*What is being asked:* Search the records for "Universal" and copy each line that holds it.

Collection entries

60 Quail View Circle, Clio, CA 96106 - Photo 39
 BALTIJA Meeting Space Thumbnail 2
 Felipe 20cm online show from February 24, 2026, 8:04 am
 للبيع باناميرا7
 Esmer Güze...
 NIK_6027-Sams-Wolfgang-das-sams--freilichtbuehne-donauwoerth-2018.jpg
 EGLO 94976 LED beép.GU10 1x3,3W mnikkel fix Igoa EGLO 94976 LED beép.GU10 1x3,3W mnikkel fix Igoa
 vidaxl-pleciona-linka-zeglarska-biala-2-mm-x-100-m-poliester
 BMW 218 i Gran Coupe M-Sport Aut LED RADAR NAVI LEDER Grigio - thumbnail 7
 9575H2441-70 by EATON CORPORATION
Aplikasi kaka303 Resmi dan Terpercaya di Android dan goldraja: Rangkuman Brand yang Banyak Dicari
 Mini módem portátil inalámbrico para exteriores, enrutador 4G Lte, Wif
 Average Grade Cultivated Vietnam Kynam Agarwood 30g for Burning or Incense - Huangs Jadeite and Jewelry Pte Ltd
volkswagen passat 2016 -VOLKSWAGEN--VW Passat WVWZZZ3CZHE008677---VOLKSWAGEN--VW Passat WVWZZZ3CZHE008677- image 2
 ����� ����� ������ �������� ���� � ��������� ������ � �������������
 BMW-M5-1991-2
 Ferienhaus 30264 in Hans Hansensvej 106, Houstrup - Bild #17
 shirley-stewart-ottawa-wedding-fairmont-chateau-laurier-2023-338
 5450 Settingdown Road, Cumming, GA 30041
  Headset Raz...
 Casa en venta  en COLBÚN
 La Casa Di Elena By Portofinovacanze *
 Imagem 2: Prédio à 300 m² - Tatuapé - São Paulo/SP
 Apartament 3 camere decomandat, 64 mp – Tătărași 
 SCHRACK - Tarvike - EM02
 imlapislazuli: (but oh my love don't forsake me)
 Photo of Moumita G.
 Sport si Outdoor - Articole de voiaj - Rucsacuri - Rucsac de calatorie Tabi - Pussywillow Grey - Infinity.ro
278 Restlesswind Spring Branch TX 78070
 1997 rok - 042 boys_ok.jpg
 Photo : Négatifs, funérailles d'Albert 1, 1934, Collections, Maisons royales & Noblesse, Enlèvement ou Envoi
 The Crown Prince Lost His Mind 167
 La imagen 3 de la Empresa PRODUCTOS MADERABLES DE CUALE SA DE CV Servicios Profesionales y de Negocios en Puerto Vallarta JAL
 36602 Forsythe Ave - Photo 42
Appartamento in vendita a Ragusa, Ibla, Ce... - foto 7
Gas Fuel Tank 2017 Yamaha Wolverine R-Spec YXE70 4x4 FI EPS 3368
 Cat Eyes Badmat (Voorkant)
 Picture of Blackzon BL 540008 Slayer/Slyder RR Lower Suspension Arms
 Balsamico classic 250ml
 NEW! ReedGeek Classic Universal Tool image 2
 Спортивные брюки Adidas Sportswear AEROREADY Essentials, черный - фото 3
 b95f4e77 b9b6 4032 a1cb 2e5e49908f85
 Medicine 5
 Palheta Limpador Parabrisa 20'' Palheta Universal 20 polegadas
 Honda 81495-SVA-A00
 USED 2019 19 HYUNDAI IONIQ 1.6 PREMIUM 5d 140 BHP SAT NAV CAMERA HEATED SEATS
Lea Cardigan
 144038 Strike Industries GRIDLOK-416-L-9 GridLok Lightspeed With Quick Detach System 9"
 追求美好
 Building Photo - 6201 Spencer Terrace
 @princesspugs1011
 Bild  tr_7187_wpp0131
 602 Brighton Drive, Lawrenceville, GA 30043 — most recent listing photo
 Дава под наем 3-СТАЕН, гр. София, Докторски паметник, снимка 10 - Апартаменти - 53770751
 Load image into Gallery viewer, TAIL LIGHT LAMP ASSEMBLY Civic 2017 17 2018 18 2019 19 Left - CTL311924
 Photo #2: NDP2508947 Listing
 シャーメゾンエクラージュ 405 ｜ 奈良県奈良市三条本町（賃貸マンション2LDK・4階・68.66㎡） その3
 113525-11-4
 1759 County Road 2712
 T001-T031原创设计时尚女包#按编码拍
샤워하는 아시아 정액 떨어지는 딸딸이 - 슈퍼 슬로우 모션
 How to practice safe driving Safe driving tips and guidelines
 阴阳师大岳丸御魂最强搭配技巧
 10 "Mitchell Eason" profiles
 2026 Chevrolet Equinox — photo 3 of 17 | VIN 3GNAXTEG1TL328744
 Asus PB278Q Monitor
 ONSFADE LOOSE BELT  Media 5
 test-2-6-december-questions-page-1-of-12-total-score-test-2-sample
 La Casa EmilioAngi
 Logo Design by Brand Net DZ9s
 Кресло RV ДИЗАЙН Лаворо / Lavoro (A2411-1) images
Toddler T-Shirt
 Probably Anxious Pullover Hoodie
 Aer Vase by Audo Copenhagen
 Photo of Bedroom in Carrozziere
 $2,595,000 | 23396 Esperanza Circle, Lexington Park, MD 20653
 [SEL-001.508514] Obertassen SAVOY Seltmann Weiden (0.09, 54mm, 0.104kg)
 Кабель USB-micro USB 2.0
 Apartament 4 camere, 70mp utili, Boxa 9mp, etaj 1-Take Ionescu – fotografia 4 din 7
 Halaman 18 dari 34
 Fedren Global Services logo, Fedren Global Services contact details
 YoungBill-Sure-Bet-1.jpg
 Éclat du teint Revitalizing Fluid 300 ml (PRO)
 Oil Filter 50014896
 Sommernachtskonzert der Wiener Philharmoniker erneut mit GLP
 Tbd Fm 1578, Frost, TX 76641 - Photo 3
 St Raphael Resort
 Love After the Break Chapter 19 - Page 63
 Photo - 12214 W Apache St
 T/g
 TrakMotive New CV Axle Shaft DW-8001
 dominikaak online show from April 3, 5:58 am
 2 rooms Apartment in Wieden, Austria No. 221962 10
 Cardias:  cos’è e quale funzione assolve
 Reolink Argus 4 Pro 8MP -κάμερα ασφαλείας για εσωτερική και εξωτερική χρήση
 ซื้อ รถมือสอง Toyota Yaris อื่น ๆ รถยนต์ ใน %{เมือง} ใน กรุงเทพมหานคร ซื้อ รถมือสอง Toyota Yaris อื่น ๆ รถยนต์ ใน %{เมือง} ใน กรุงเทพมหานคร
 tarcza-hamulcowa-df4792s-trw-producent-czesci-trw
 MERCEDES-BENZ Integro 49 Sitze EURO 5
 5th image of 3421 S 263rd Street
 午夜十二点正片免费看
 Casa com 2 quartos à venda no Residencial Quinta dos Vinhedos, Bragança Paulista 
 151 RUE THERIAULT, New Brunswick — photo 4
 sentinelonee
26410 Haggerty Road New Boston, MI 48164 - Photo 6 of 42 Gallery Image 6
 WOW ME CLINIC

*Exercise solution:*
 NEW! ReedGeek Classic Universal Tool image 2
 Palheta Limpador Parabrisa 20'' Palheta Universal 20 polegadas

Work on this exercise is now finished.